(Leuven, Belgium) – Chances are that you’re not reading about this for the first time but we feel obligated to post something about it. News outlets began reporting on Sunday that InBev was close to acquiring Anheuser-Busch after upping the bidding price for the American beermaker last week. Yesterday, it became official: Anheuser-Busch will now be owned by InBev.
According to the press release, “the world’s leading global brewer. Anheuser-Busch shareholders will receive $70 per share in cash, for an aggregate equity value of $52 billion, in an industry-transforming transaction. The combined company will be called Anheuser-Busch InBev.”
The merger results in a truly massive company: “The combination of Anheuser-Busch and InBev will create the global leader in the beer industry and one of the world’s top five consumer products companies. On a pro-forma basis for 2007, the combined company would have generated global volumes of 460 million hectoliters, revenues of $36.4 billion (euro 26.6 billion) and EBITDA of $10.7 billion (euro 7.8 billion).”
Analysts believe that InBev, makers of brands such as Stella Artois and Becks, hopes to make Bud and Bud Light global brands.
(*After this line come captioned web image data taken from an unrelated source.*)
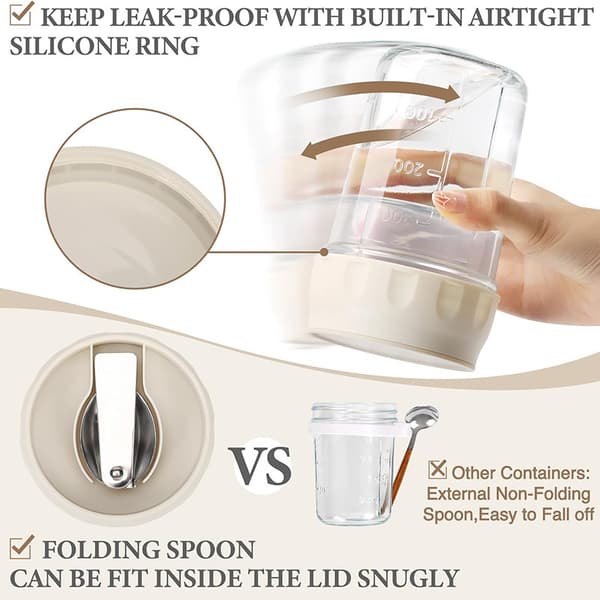 Overnight Oats Glas med Foldbar Ske - 500 ml Glas Morgenmadsbeholder - Lufttæt Mason Jar til Måltidsforberedelse Hvid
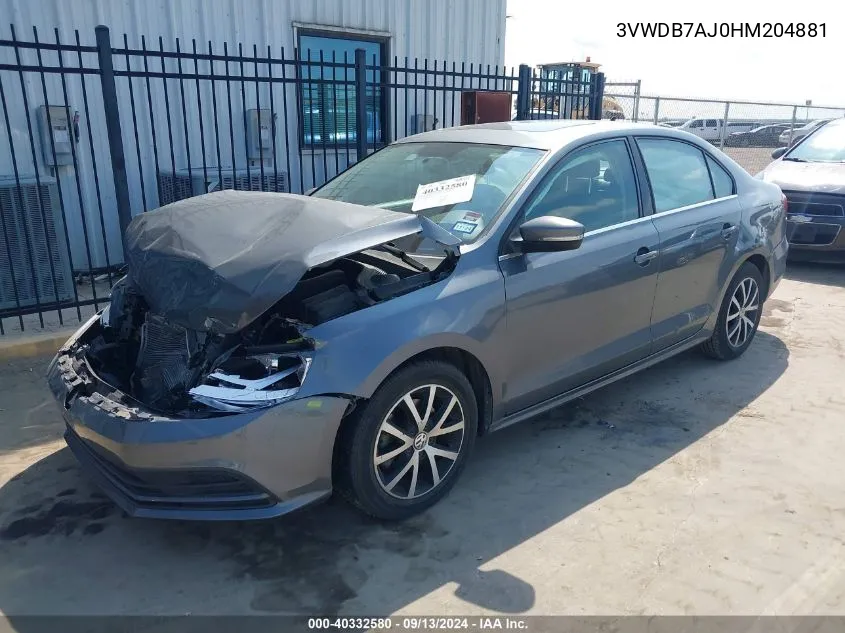 3VWDB7AJ0HM204881 2017 Volkswagen Jetta Se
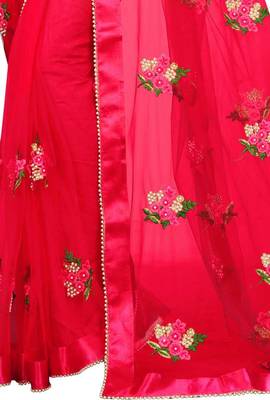 New Designer Red Pure Mono Net Embroidery Saree With Blouse 2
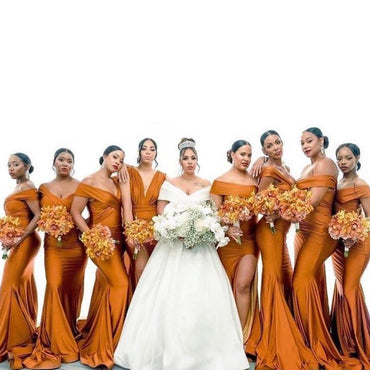 Burnt Orange Mermaid Off Shoulder High Slit Long Bridesmaid Dresses Gown Online,WG940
Asia is a key piece of the strategy: “Gaining control of an iconic beer brand — Budweiser — to sell into emerging markets such as China and Brazil was a key part of the deal, said InBev Chief Executive Carlos Brito, who will retain his position.”
Some are against the deal because of the perceived “loss of an American icon,” but, in reality, little should change with A-B’s major brands as a result of the deal.